I’m currently training for a half marathon and suffering from blisters, increased appetite and exhaustion. My friends at university are also suffering from the same symptoms but they don’t do any form of training. In fact, the only time they start running is if they’re about to miss the bus. It would seem that the lifestyle we go through when trying to achieve a degree (walking to and from lectures, missing out on home cooking and too many late nights) could have the similar negative effects to those of a regular runner.
My non-running friends will moan and groan about the aches and tiredness and they constantly mope about their lack of motivation. So surely I, the regular runner, should complain more because I’m juggling both studying AND running? Definitely not.
“How do you have so much energy to go for a run?” They whine. To their disbelief, it is because of my running that I have so much energy.
I will feel mentally drained and exhausted after two back to back three hour seminars, but after a 10K run through Virginia Waters my mind will be fresh and alert, ready for the day.
The days that I don’t run will be the days that I feel the most tired.
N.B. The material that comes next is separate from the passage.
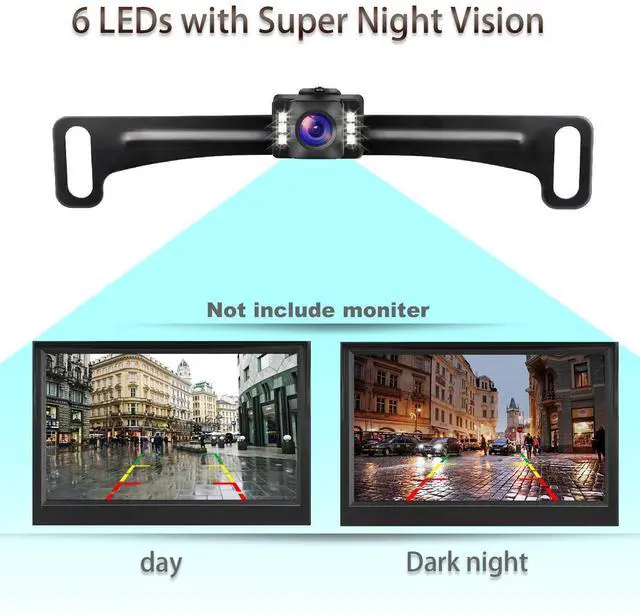 Alt view image 11 of 14 - Car Backup Camera HD Rear View Camera License Plate Backup Camera with Wide View Angle 6 LED Night Vision Waterproof Front & Back up Camera, Guide Line On/Off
The days that I don’t run will be the days that I seem to hate my course, my tutors and my housemates. The days that I don’t run will be they days that I panic about my assignments and worry about failure. Sounds a little dramatic, I know, but the proof is in the research.
Some of the evidence comes from broad, population-based correlation studies conducted by James Blumenthal, a clinical psychologist at Duke University. He says: “there’s good epidemiological data to suggest that active people are less depressed than inactive people.”
In a 2006 study published in Medicine & Science in Sports & Exercise, researchers found that even a single bout of exercise—30 minutes of walking on a treadmill—could instantly lift the mood of someone suffering from depression.
Having an uplifted mood will result in a ‘can do’ attitude which is essential when completing essays, assignments and revision for exams. You might use running to blank your mind and forget about the workload stress. Alternatively you may take advantage of the fresh air to plan the structure of your essay in your head. Either way it’s bound to be better than that claustrophobic fear of failure, sat alone at your desk, twiddling your pen and browsing Facebook. I find that after a run, not only do I feel more relaxed about the work I have to do, but I also feel more productive. I want to get it done because I know that I can do it.
A girl that is keen to share the benefits of running whilst being a student is 22-year-old Izzy Brinsden, recent President of Cross Country & Athletics at Royal Holloway, University of London. She said:
“Although being both an athlete and a student was challenging at times, most of the time I found that these two aspects of my life complimented one another. In the lead up to my third year finals, I would get up extra early to fit in training before heading to the library for 9am. This early morning run woke me up and left my mind clear for a day of study, really helping me to focus and concentrate on my revision and dissertation research. It also gave me the opportunity to get away from my studies, leaving me feeling de-stressed and ready to work.” The addition of running into Izzy’s University life certainly didn’t hinder her academic performance. She graduated with an impressive first class degree in English Literature.
University certainly isn’t easy and the road to graduation may feel a bit like training for a marathon. The trick is to stay motivated. Make ‘running’ your FREE personal trainer to help get you through it.